So one of our readers asked us this question the other day: Why were old movies like “Gone With The Wind” and “Wizard Of Oz” in color when movies were still in black in white until the late 50s/early 60s
ANSWER
B&W is easier and cheaper than color. In 1994, Kevin Smith shot Clerks in B&W, not because he wanted to, but because didn’t have much money to make the movie.
Here are some reasons why B&W is easier:
Color casts: Every light source has a different color. Sunlight is “white”, a regular lightbulb makes “white” light, and fluorescent lights make “white” light, but they’re not actually the same white. Each light is a different color. If you take the same film everywhere, the pictures taken outside will look blue and the pictures taken inside will look yellow. The worst one is fluorescent lighting, which can show up as a hideous green color. With B&W film you don’t really need to worry about it.
One of the hardest parts is that the color of sunlight changes during the day. If it takes all day to shoot a scene, then different parts of the scene will have different colors, and they won’t look right together. So you have to be careful to monitor the weather and the time of day when you’re shooting. Even a few clouds can change the color of a picture dramatically. This is even a problem in the studio, because when you turn on the lights in a movie studio, they change color as they warm up.
Your eyes naturally adapt to color changes so you don’t notice them very much, but color film doesn’t adapt like your eyes do.
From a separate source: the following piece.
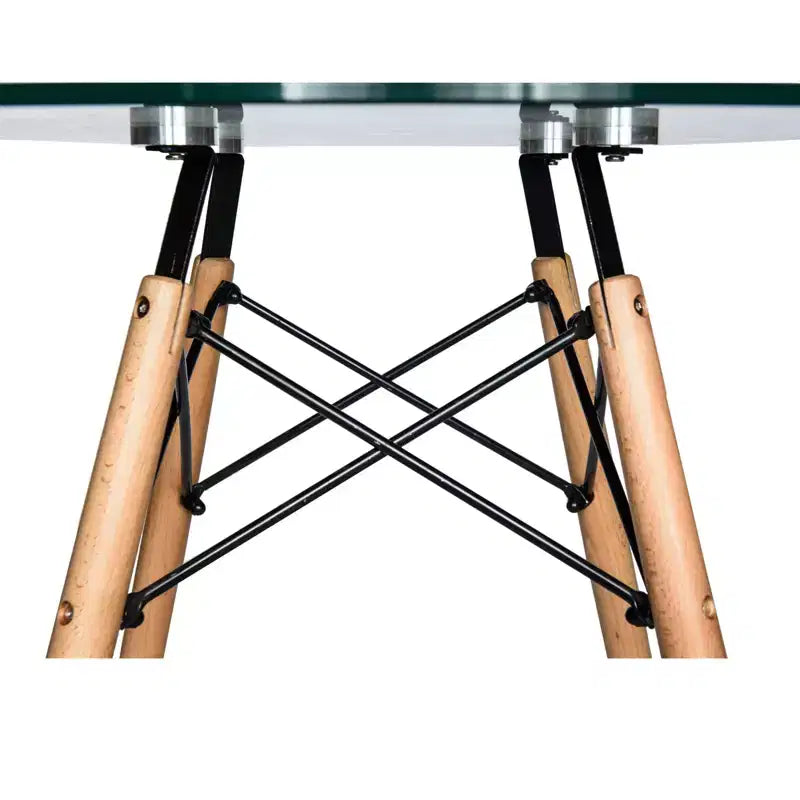 Tavolo rotondo da bistrot da 31 pollici - tavolo da pranzo moderno di metà secolo con piano in vetro temperato o MDF e base Eiffel in legno naturale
For color film, you have to pay close attention, and use color filters to adjust the color of the light to be just right.
With B&W film, you can even get away with shooting “nighttime” scenes in broad daylight, and many studios did this. This is not really possible with color film.
Technicolor: Technicolor is actually made using three different strips of B&W film. Instead of loading one piece of film into the camera, you load three. This camera is a monster, and it has prisms and filters inside so it can split the color light into three different B&W images. To make the final movie for projection, you have to combine the three film strips back into one, which is tedious and expensive.
The prisms and filters in a Technicolor camera were also inefficient. It took a lot of light in order to make a Technicolor film. It took so much light that you had to shoot outside or with bright studio lights. Bright lights are expensive, they make the studio hot, and they make the actors uncomfortable. You can forget about shooting Technicolor at night, it just won’t work.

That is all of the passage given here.